Tuesday, September 06, 2011

Speculation: The game any number can play

Late last week, TechCrunch's MG Siegler reported that he had not only gotten his eyes on a prototype of a new Amazon tablet, but his hands as well. He reported many details about the hardware and software, the price, when it will be announced, and even what kinds of promotions Amazon plans for it. Siegler's story triggered a flood of speculative articles, all primarily based on his description. For example:
I take Siegler at his word that he saw and used a prototype of an Amazon tablet, and that he spoke with a source with inside information about Amazon's plans.
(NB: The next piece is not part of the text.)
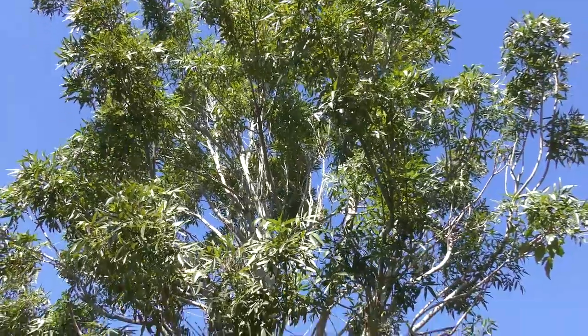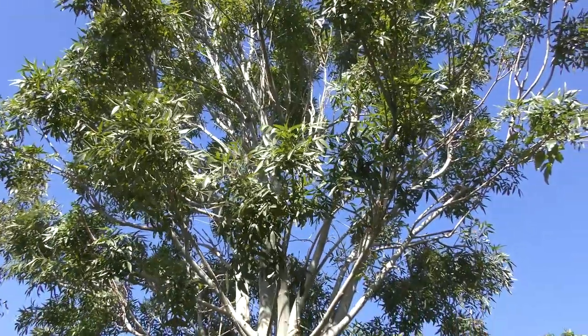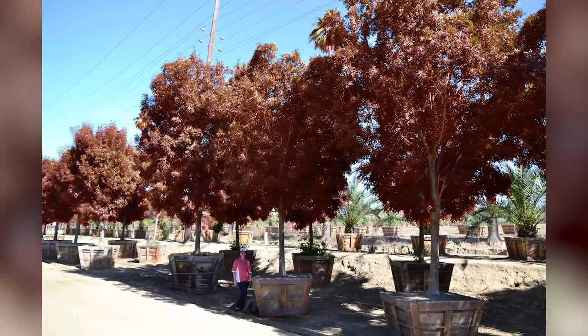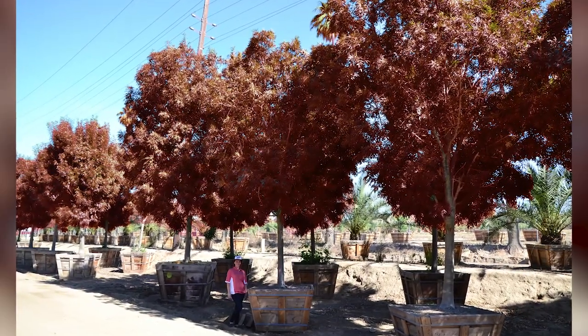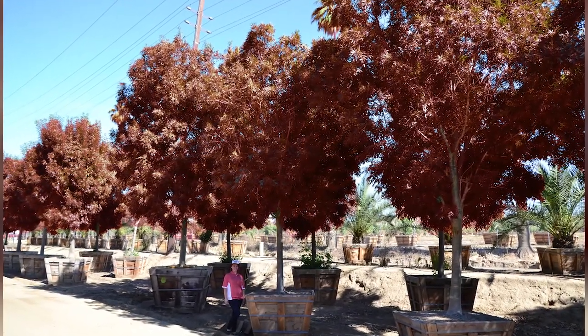It's a very beautiful leaf. It gives a really great filtered shade. It's a faster grower, and in the fall this thing is magnificent. It has a reddish purple leaf during the winter and the fall, and it's something you're really going to enjoy and your navels will love as well.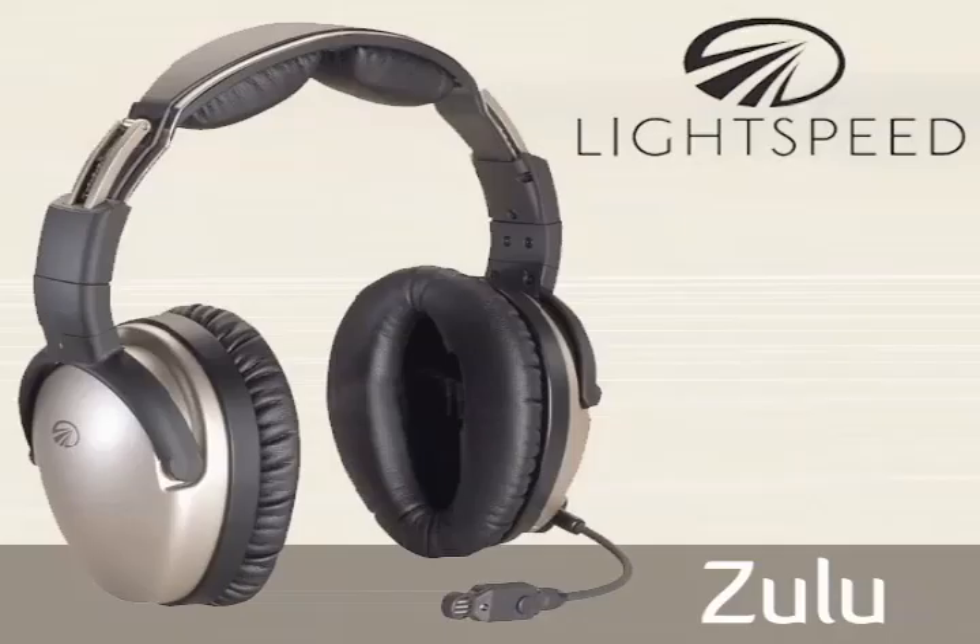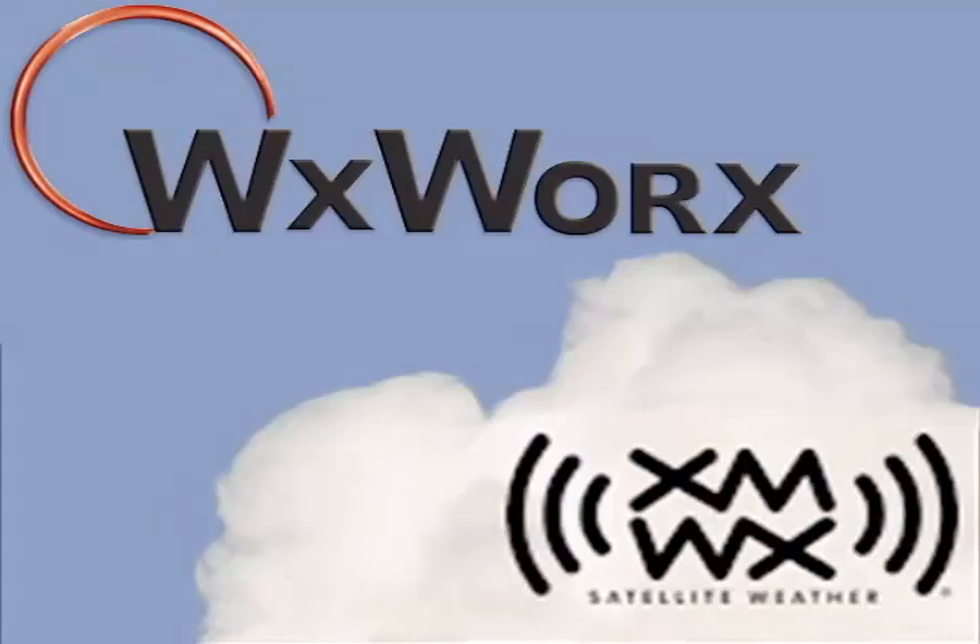This video is brought to you by Lightspeed, Zulu, and by WX Weather.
However, we have no independent verification that the tablet he used is representative of the final product, or that the pricing, availability and promotional details that he got are correct and won't change by the time the product finally ships. Nor do we have any independent verification of what he wrote about a second tablet, or about Amazon's plans for other black & white Kindles.

It's easy (and fun for the whole family) to base articles on a single, unconfirmed story, but they take as fact what is only rumor and hearsay. The problem with piling speculation on top of hearsay is obvious: If the hearsay is incorrect, the speculation based on it is even more incorrect, and the whole pile tumbles down like a badly-constucted Jenga tower.

We know what TechCrunch published. Let's get some independent confirmation of the facts before we start drawing conclusions or determining what the impact will be on the industry. If Siegler is correct, we don't have long to wait before we get confirmation from Amazon itself. There's plenty of time to determine the implications of Amazon's actions once we know the "true facts".